Map Types and Declaration
Every Map Object has a type defined by its Eigen equivalent. The default type requires only one template parameter whose syntax is:
Map<Matrix<typename Scalar, int Rows, int Cols> >
You need two pieces of information to construct any Map variable.
- The data you want to map in the form of an array, vector, or matrix.
- A pointer to the memory region where you want to map the copied data.
For example, if you want to map a matrix of datatype ‘int’ with sizes defined at the compile time, the syntax will be:
Map<MatrixXi> mint(pi,rows,columns);
where pi is an int* pointing to the region where you want to map the copied data.
If you want to map a matrix of datatype ‘float’ with a pre-defined size, the syntax will be:
Map<const Vector4f> mf(pf);
where, pf is a float* pointing to the region where you want to map the copied data. In this case, you do not have to pass the size as a parameter in the constructor. This is because the size is already defined in the syntax.
Ensure that you pass a pointer to initialize any Map Variable or Object. This is because Map Class does not have a default constructor.
The Map class is flexible enough to form various data representations. The two template additional parameters provided with Map Classes are:
- MapOptions
This parameter specifies if the pointer is Aligned or Unaligned. The default is set to Unaligned.
- StrideType
This parameter is used when you want your output memory array in a customized layout. You have a complete set of Stride methods you can use as per need.

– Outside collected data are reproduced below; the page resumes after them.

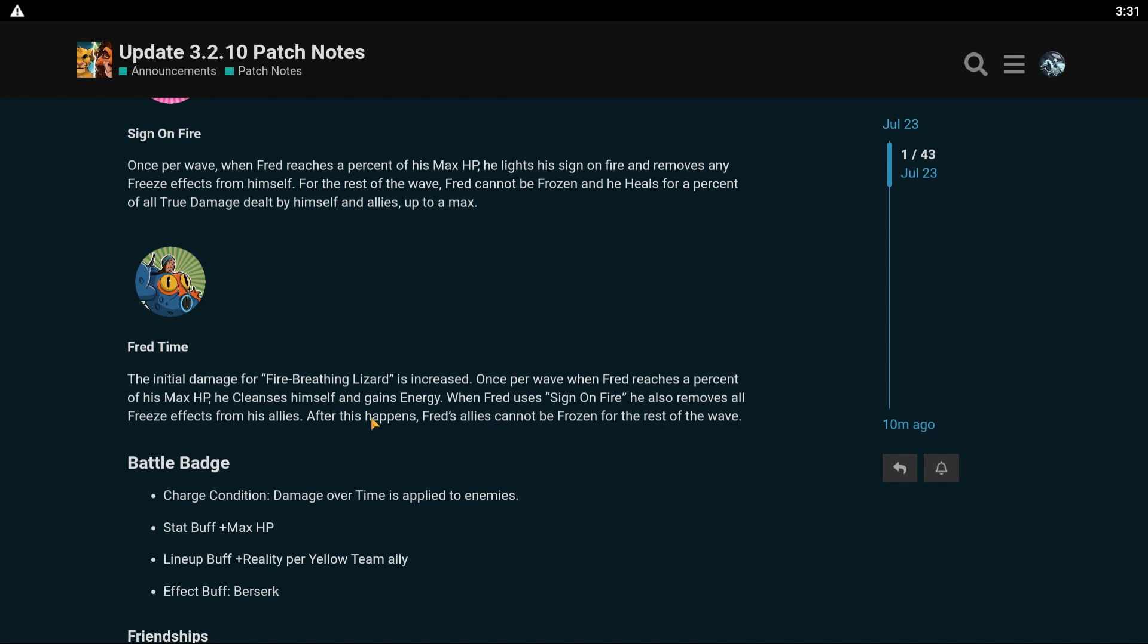That is insane. This is a really hard freeze counter. God damn. This dude is like the hardest freeze counter we've ever seen. That's insane.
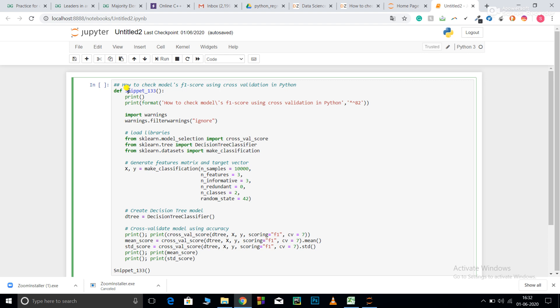I have defined a function over here. These are two print statements. In order to ignore unnecessary warnings, I have imported warnings. From sklearn.model_selection import cross_val_score. And from tree import DecisionTreeClassifier.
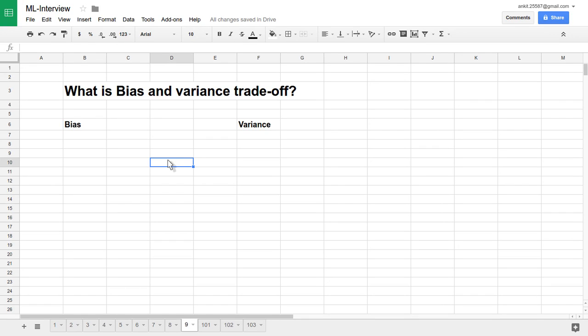Hello friends. Today we are going to see one more important question and one of the most important measuring criteria for a machine learning system — that is bias and variance trade-off. We'll try to understand both things individually and then compare them.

An example demonstrating both these parameters is given below.
int array[8];
for (int i = 0; i < 5; ++i) {
arr[i] = i;
}
cout << "Column Major:\n" << Map < Matrix < int, 2, 3 > > (array) << endl;
cout << "Row Major using stride:\n" << Map < Matrix < int, 2, 3 > , Unaligned, Stride < 1, 3 > > (array) << endl;
Output:
Column Major
0 2 4
1 3 5
Row Major using stride:
0 1 2
3 4 5
Using Map Variables
Map Variables or Objects are used like any other Eigen Variable or Object. All in-built Eigen functions are designed to allow Map Variables or Objects like other Eigen Variables or Objects.
Use the example below for a better understanding.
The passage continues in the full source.